Task instructions → Exactly the lines below from the one with "fanci范琦手链女925银简约生辰石" up to and including the one with "Funda de Capota" make up the answer, with nothing else added.
Segment Open
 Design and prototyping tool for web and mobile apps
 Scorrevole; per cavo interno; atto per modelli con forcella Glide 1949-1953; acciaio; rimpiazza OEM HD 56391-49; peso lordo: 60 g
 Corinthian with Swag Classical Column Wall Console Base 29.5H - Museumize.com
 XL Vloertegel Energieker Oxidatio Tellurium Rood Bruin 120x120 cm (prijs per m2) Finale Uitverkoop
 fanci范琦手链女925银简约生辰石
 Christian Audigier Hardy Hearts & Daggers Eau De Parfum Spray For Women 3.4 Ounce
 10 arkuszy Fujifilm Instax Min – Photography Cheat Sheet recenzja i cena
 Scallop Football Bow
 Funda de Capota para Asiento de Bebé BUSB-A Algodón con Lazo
Segment Closed
Segment Open
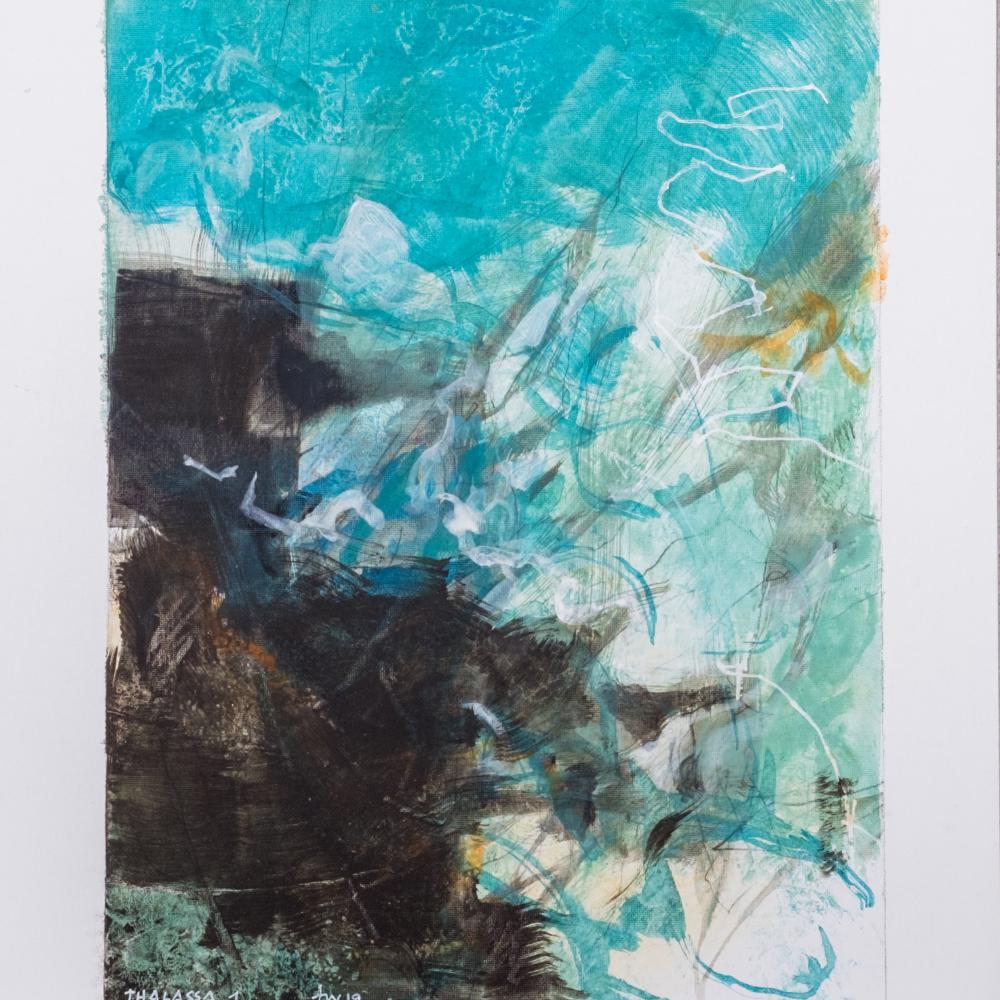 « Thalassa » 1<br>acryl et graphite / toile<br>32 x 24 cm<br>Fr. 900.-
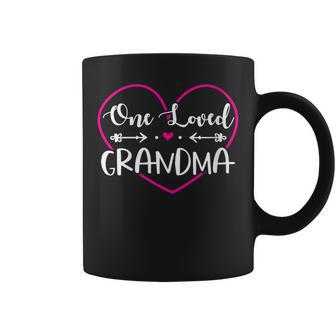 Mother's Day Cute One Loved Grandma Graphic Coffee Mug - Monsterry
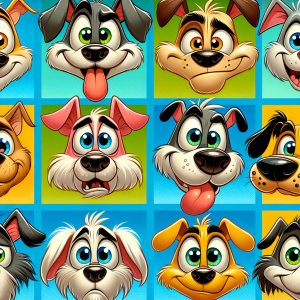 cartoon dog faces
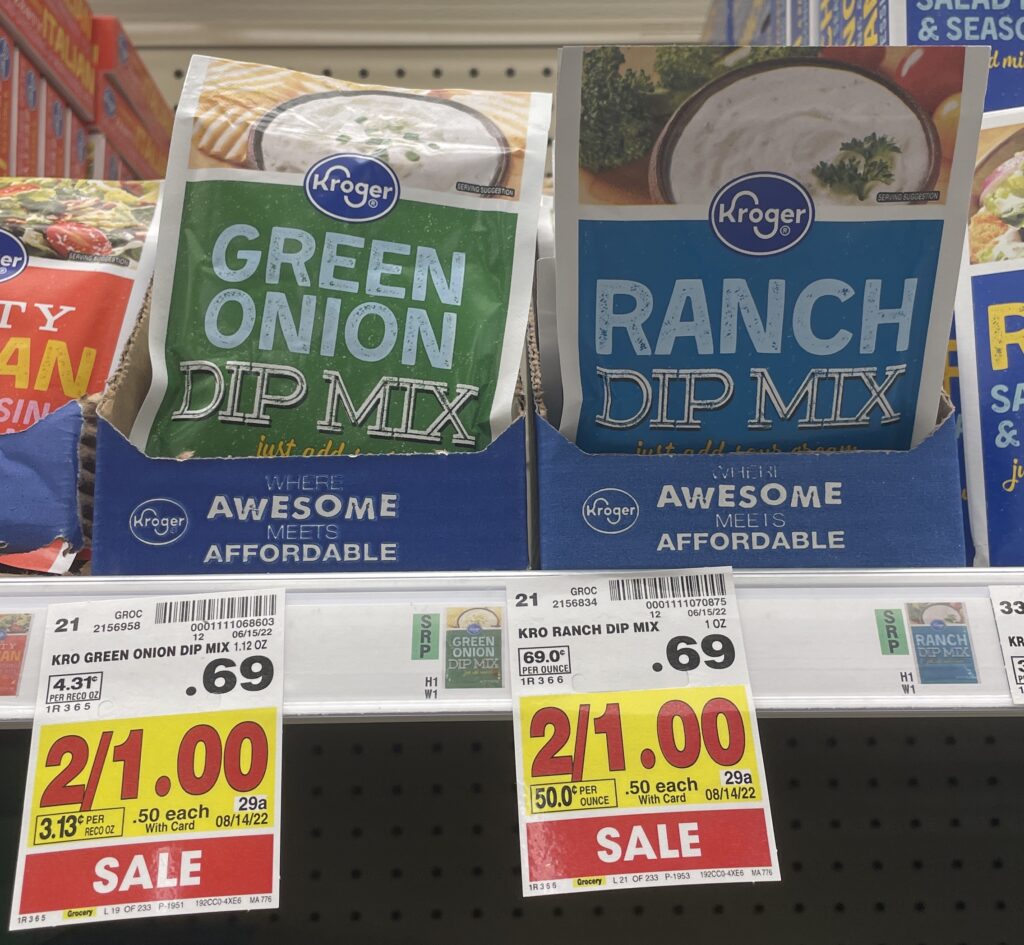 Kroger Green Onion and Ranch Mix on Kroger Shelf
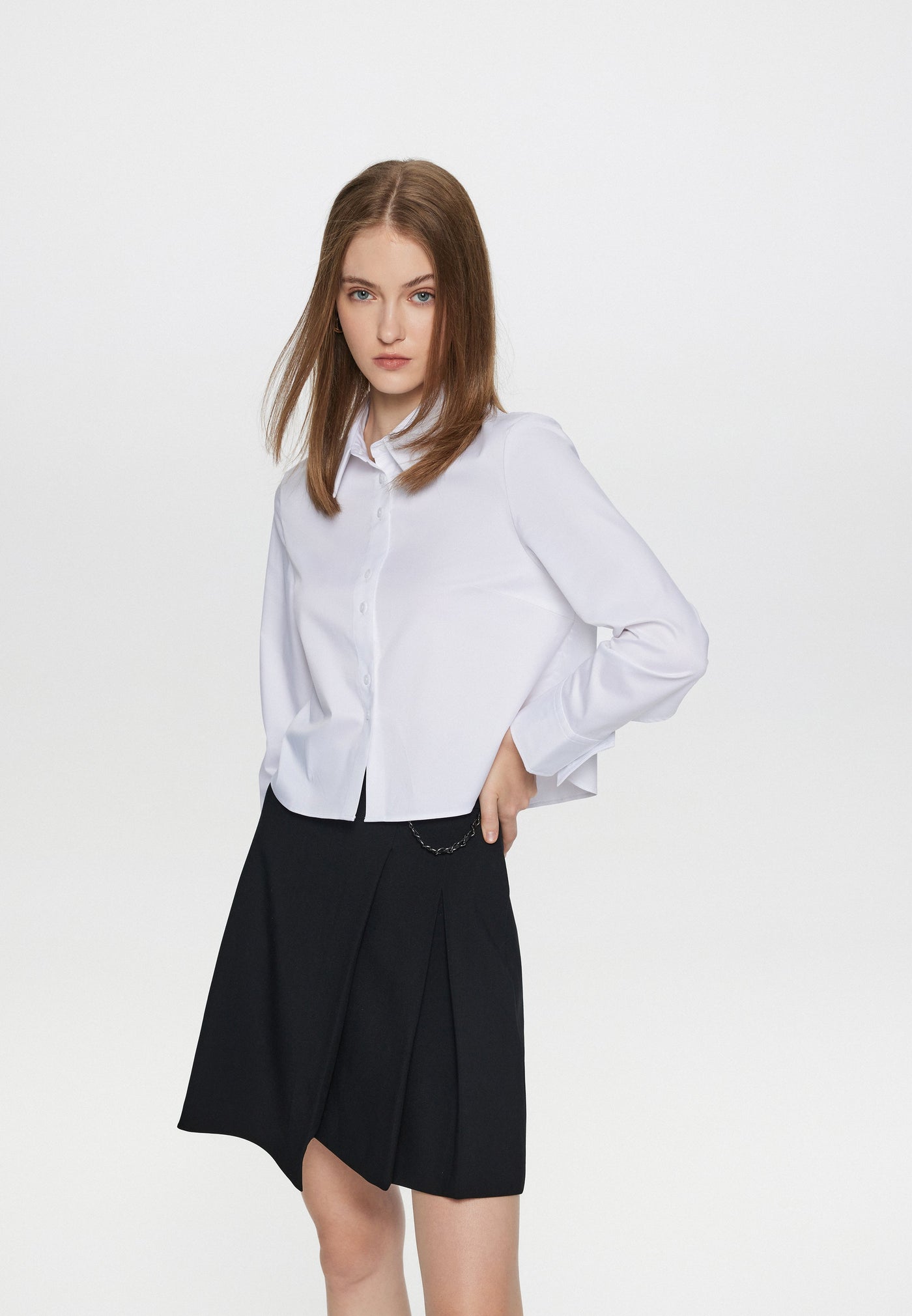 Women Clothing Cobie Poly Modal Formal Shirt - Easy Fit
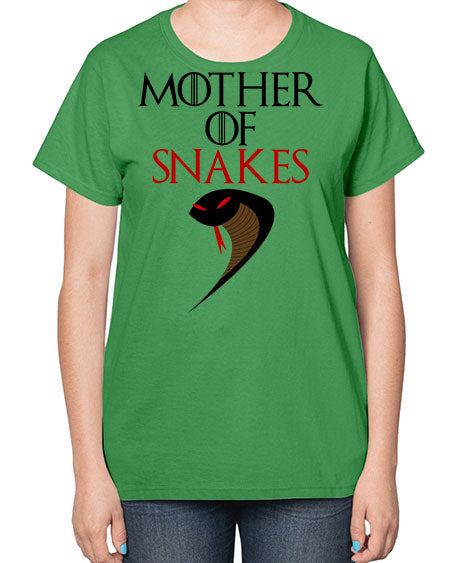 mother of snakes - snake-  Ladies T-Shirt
Segment Closed
Solution to this task →
 fanci范琦手链女925银简约生辰石
 Christian Audigier Hardy Hearts & Daggers Eau De Parfum Spray For Women 3.4 Ounce
 10 arkuszy Fujifilm Instax Min – Photography Cheat Sheet recenzja i cena
 Scallop Football Bow
 Funda de Capota para Asiento de Bebé BUSB-A Algodón con Lazo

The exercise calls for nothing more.